Data warehouse history types
This is the fifth post in a series of twelve in Tim Fords Entry-Level Content Challenge.
In this post I will describe what the most common data warehouse history types are, how they are implemented, and some typical use cases for them.
Why establish data change history in the data warehouse?
One of the arguments for building a data warehouse is to establish data history for data, even when it isn’t implemented in the source systems. There can be many reasons for not implementing data audit trails in the data models in OLTP systems – degrading write performance, adding complexity to data models and code (could be handled using SQL Server 2016 temporal), and storage cost to name a few.
Since we take copies of the OLTP data before we load it into the data warehouse, we can also load data as it looked at that time. In this way, we can answer questions like “how much did sales person X account for in 2015, when she was part of team A (when we also know that she moved to team B in 2016)?”
When designing a data warehouse, we typically have to decide which history type we need for each attribute in every entity (dimension). This is an important example of metadata (data about data).
In the following discussion, I will refer for things like staging areas, EDW and datamart layers. If that is unknown (no pun intended) to you, you might want to take a look at my post on data warehouse architecture here: http://www.pontop.dk/#!Data-warehousing-101-what-are-data-warehouses-why-do-we-build-them-and-how/whpr3/56b78f2a0cf2062bd41b6280
Types of history and when to use them
There exist many patterns for data history within data warehousing. Here are some of the most commonly used history types (the types are named Ti, where i is a positive integer. I guess that T stands for Type):
T0 – never update
The value for an attribute with T0 history is never changed once it has been inserted.
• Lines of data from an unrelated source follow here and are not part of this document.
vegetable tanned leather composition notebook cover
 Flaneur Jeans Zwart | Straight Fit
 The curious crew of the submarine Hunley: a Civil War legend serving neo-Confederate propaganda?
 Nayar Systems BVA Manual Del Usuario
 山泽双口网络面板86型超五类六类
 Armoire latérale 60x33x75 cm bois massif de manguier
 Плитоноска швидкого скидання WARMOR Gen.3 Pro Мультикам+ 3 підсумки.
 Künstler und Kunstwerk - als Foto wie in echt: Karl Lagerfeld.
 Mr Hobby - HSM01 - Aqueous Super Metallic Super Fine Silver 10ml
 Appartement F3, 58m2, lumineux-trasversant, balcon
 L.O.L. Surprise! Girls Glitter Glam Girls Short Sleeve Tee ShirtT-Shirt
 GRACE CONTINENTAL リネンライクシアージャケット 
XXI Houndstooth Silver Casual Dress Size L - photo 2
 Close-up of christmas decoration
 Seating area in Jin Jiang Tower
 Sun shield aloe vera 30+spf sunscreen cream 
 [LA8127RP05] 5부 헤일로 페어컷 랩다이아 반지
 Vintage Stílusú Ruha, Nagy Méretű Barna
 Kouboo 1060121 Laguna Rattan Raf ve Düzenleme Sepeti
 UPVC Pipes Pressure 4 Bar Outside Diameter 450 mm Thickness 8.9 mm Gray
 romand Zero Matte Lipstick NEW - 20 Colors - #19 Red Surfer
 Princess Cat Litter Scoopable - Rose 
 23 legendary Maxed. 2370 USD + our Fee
An attribute containing code values could be a candidate for T0 history (if these never change)
T1 – update in place
The value for an attribute with T1 history is always updated, if data arrives with new values. T1 history is not really history, since we only keep the latest version of the data for the attribute.
If you don’t need data history for an attribute, then use T1 history for it.
T2 – make a new row
The table for an entity with at least one T2 attribute will typically have two date attributes called something like ValidFromDate and ValidToDate (and sometimes a computed column IsCurrent to denote which row hold the current version of the data for an instance of the entity). When we load data into the data warehouse, we check if attributes of T2 type have values different from the current row. If so, then we insert a new row, set the StartDate to the date (and possibly time of day) where the data row should be valid from. The insert of a new row is sometimes called a T2 split. We also set the ValidToDate on the former current row to this date (and update the IsCurrent attribute to False).
T2 history is a way to track how attributes for an instance of an entity looked at a particular point in time. We can reference this version of the instance in fact tables and/or other dimension tables (if our EDW is snow-flaked).
T3 – make a new column
If an attribute A has T3, we add a new column A_prev to the dimension table (the names have been changed to protect the innocent…). When new data arrives, we overwrite the value of the A attribute and update the value of the Aa to hold the former value of A.
The standard Kimball use case for T3 history is keeping track of sales territory for a sales person. To calculate sales bonuses, you want to be able to see not only how well the person is doing now, but also how well she did in her former position.
Notice that if you already have T2 history for an attribute, you can easily convert this to T3 history. One pattern is to combine the two and have T2 history in the EDW layer, and T3 in datamarts populated from the EDW.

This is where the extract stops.